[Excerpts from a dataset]
----------------
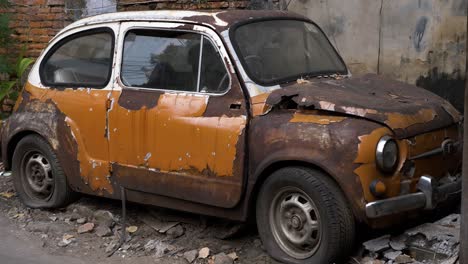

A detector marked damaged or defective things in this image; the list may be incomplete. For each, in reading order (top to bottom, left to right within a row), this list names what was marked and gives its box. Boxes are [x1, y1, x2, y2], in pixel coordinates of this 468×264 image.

damaged roof [59, 9, 308, 32]
damaged car door [108, 22, 249, 208]
peeling orange paint [386, 109, 436, 129]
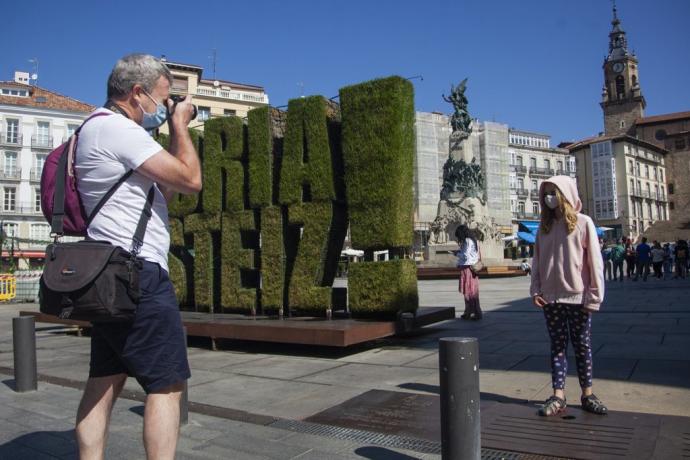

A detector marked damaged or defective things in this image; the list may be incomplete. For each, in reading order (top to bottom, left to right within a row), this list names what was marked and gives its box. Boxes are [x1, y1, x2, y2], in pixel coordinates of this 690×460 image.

rusted metal base [18, 308, 452, 346]
rusted metal base [306, 388, 688, 460]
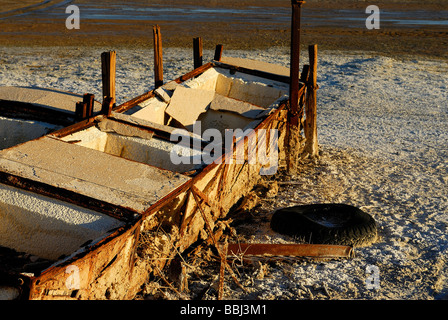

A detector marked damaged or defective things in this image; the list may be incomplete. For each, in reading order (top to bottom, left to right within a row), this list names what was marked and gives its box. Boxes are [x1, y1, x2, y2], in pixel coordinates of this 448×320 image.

rusted metal post [288, 0, 304, 175]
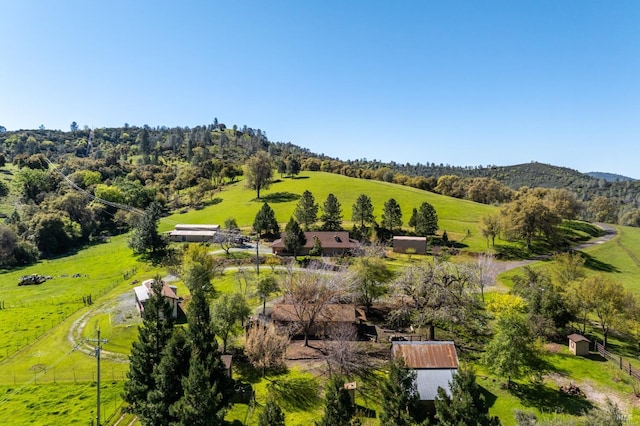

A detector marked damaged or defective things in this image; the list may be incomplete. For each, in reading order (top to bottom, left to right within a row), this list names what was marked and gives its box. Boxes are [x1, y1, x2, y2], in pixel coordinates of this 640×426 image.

rusty metal roof [392, 340, 458, 370]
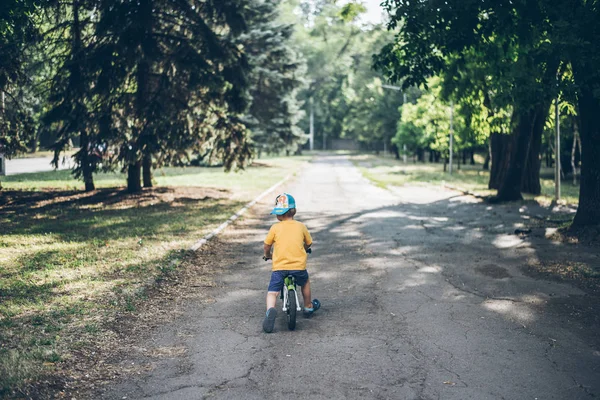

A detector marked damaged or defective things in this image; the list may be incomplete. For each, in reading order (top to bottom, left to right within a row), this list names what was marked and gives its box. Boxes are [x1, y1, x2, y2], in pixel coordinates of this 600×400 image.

cracked pavement [97, 155, 600, 400]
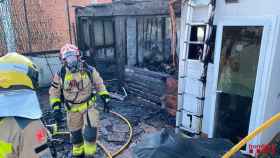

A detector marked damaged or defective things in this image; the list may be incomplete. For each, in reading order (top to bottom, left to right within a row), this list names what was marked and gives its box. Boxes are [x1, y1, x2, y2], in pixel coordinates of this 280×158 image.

burnt doorway [213, 25, 264, 144]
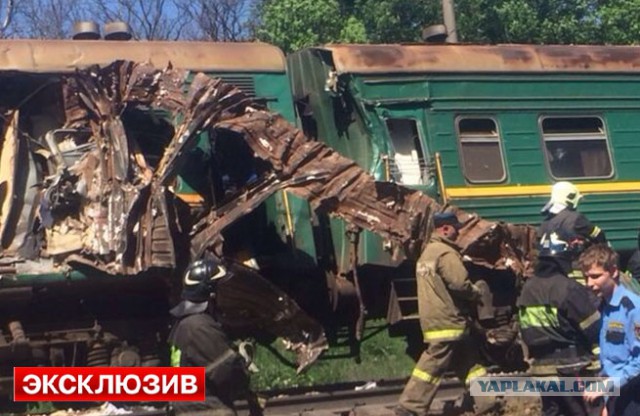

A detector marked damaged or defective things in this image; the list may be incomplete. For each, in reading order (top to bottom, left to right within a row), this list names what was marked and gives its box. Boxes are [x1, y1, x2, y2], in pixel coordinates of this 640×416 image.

wrecked train car [0, 36, 536, 386]
crumpled metal wreckage [0, 61, 536, 370]
shattered interior panel [0, 61, 536, 376]
broken window opening [382, 118, 428, 184]
broken window opening [458, 117, 508, 182]
broken window opening [544, 115, 612, 179]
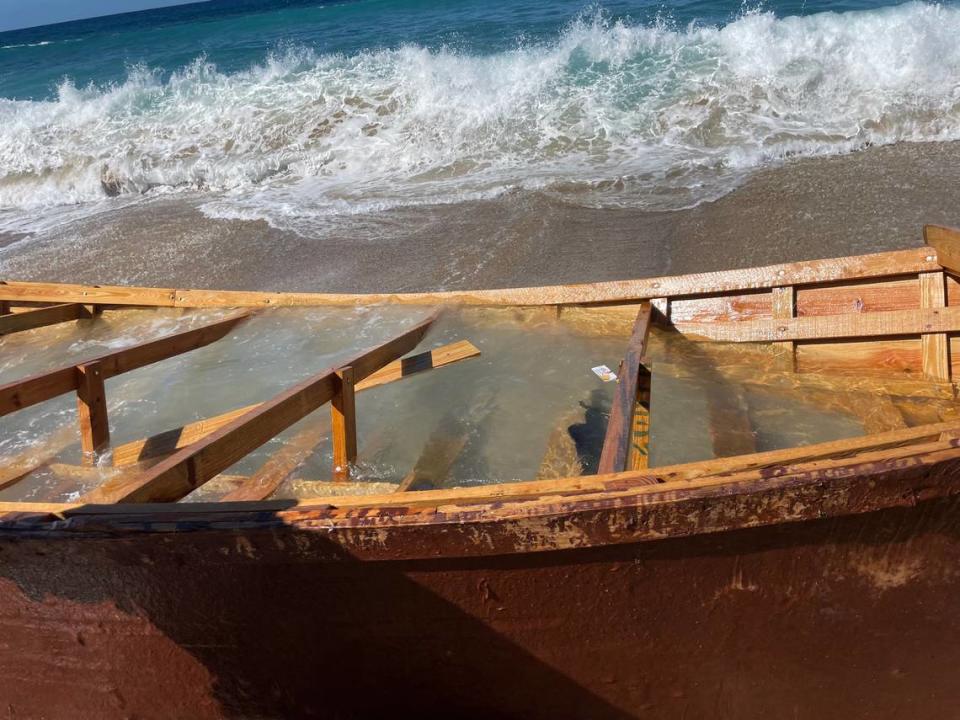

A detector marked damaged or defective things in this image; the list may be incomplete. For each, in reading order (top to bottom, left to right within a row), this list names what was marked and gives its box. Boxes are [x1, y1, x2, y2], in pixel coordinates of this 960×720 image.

rusty hull [1, 452, 960, 716]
----------------
Only the lines from the one with "this 640×416 image." through the last line above belong in the answer. Reproduce them exactly, without the pictures.

A detector marked damaged or defective things in this image; the list may be incomplete. For each, in reading order (top to bottom, left to right within a row), this list names what was marked and gives its box. Boxes are [x1, y1, x2, y2], in pixel coordinates of this 640×416 image.

wrecked train car [0, 36, 536, 386]
crumpled metal wreckage [0, 61, 536, 370]
shattered interior panel [0, 61, 536, 376]
broken window opening [382, 118, 428, 184]
broken window opening [458, 117, 508, 182]
broken window opening [544, 115, 612, 179]

A detector marked damaged or defective things in this image; the list may be incomplete. For each, in reading order (top to bottom, left to right within a row), this list names what was marked and gives its box. Boxes are [x1, y1, x2, y2], in pixel coordinates of this 960×720 image.

rusty hull [1, 452, 960, 716]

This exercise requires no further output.